[TASK MATERIAL]
------------------------------------------------------------------------
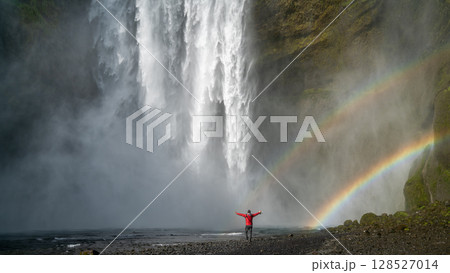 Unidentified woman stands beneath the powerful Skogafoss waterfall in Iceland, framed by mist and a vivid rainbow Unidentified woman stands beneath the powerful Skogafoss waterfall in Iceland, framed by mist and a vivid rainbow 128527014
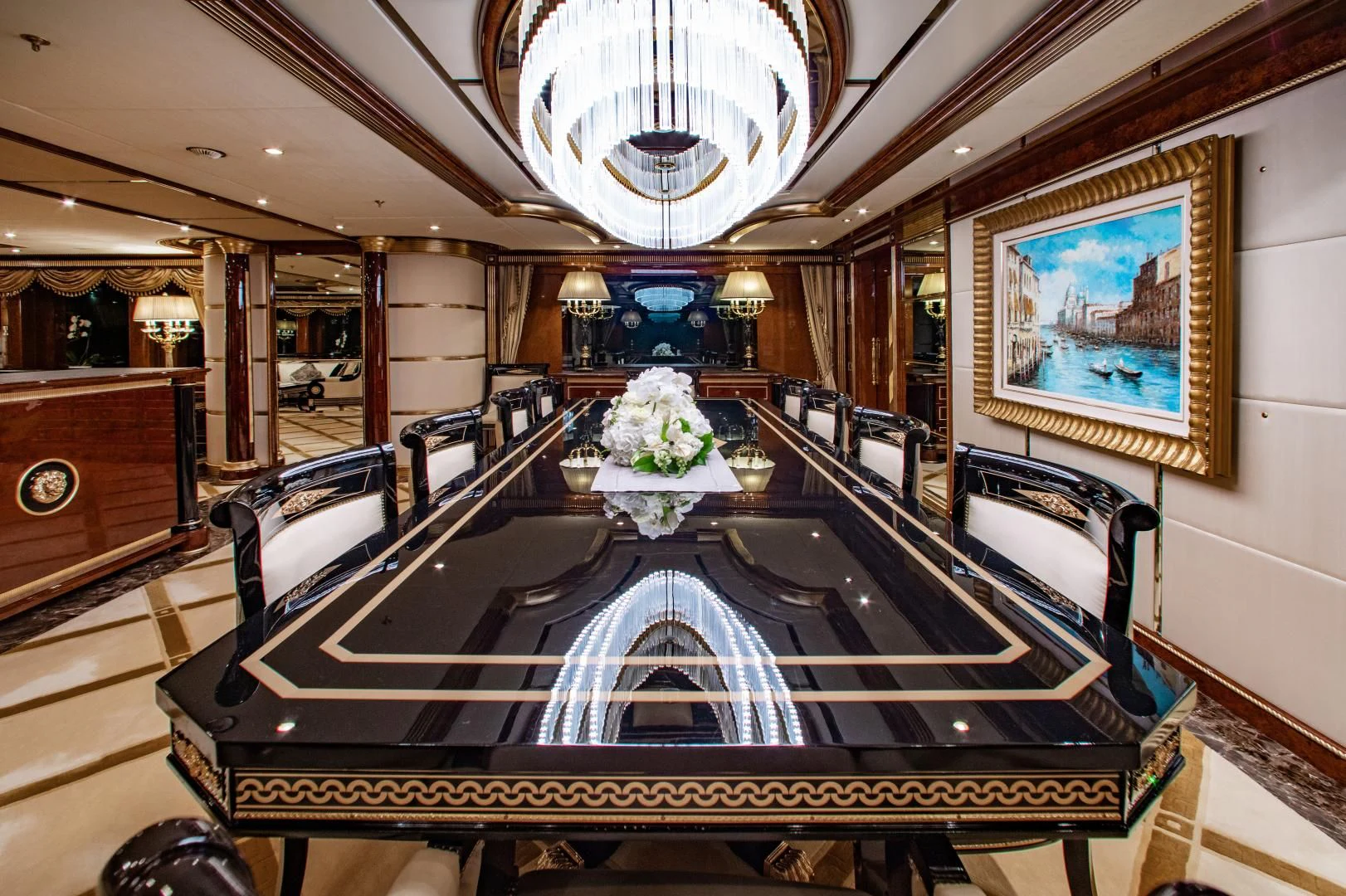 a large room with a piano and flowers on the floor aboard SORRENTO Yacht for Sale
------------------------------------------------------------------------
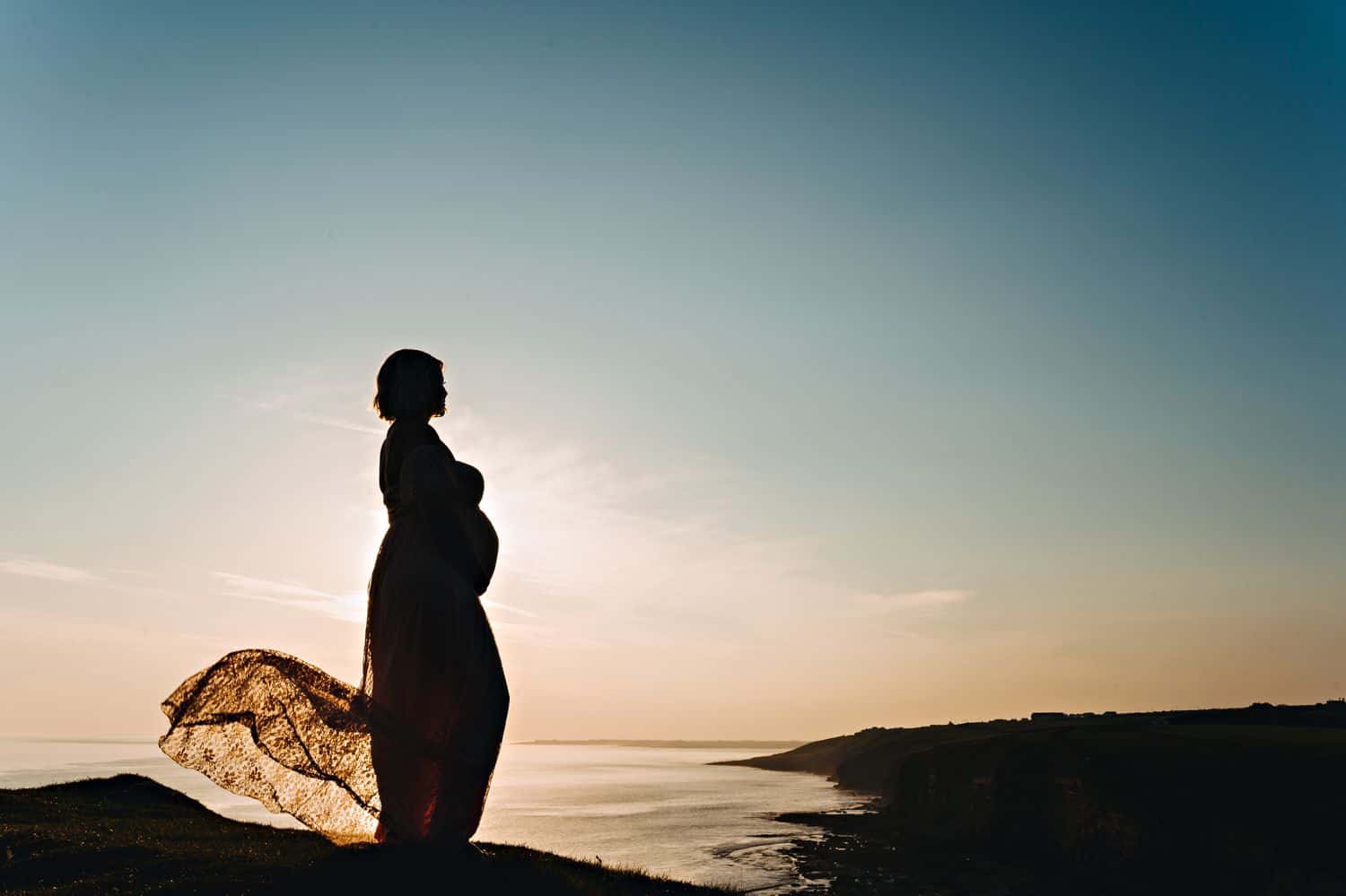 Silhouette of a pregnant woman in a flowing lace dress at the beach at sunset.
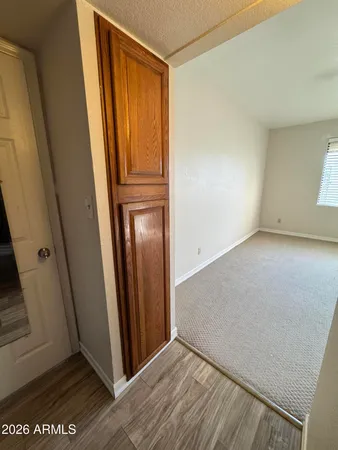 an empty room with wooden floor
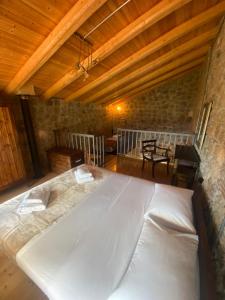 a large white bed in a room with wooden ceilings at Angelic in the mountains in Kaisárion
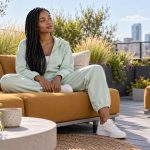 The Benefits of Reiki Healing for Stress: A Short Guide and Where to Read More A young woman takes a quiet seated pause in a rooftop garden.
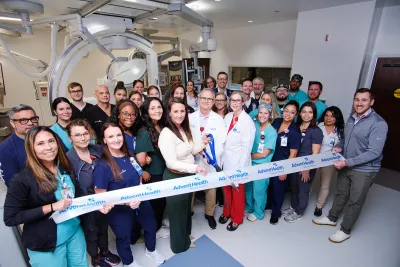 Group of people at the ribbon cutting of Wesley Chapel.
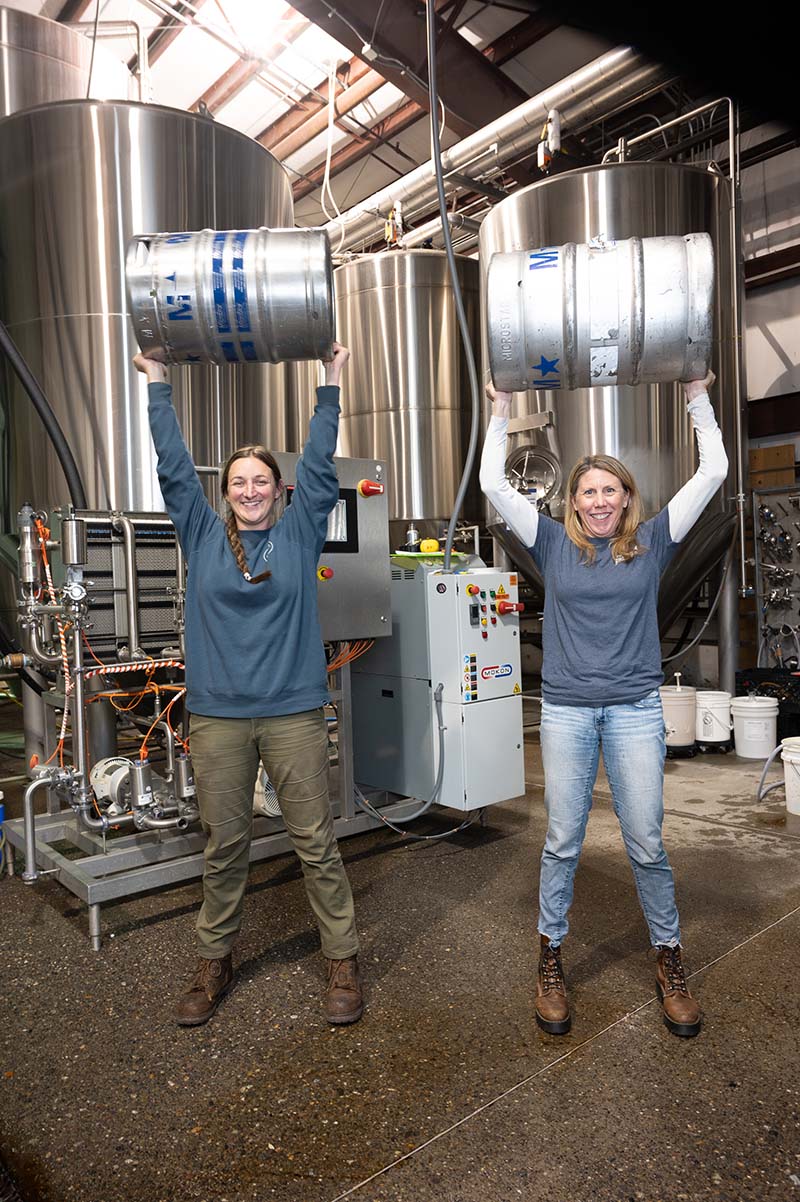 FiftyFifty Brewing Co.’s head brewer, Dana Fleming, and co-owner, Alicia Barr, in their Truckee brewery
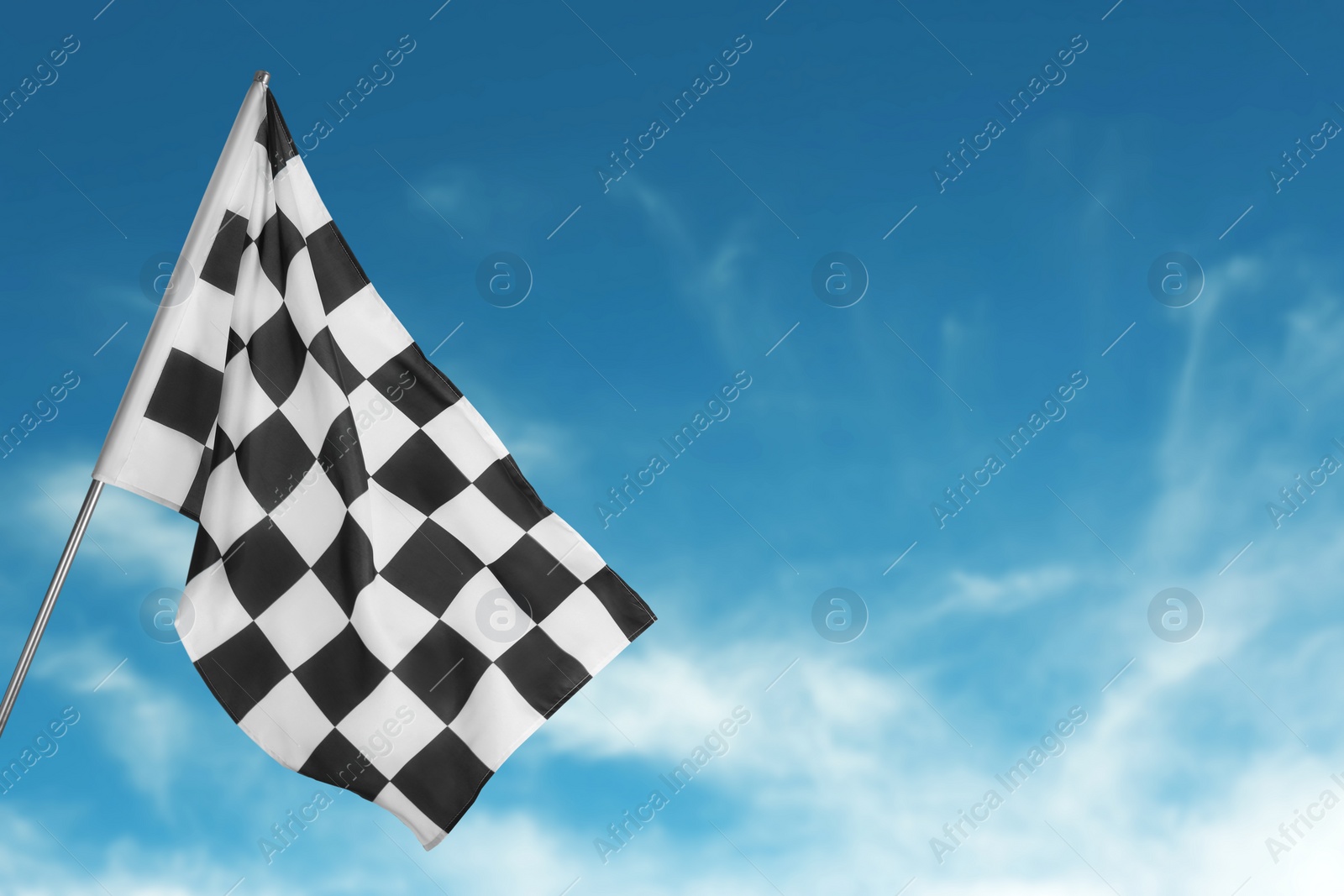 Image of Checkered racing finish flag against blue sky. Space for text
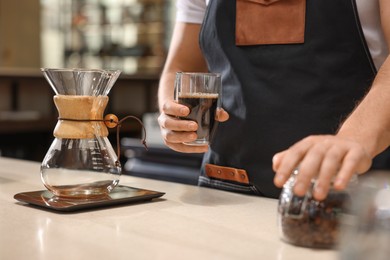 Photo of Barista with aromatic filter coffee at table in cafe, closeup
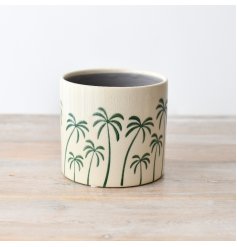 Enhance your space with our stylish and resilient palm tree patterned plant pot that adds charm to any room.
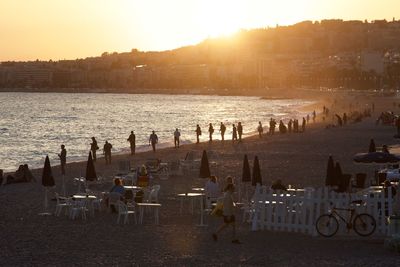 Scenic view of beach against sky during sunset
------------------------------------------------------------------------
[WHAT YOU NEED TO DO] A clean copy is needed of the lines in the listing above from the one with "Photo of Barista" through the one with "Scenic view of", exact in every word and free of pictures.

[OUTPUT OF THE TASK]
 Photo of Barista with aromatic filter coffee at table in cafe, closeup
 Enhance your space with our stylish and resilient palm tree patterned plant pot that adds charm to any room.
 Scenic view of beach against sky during sunset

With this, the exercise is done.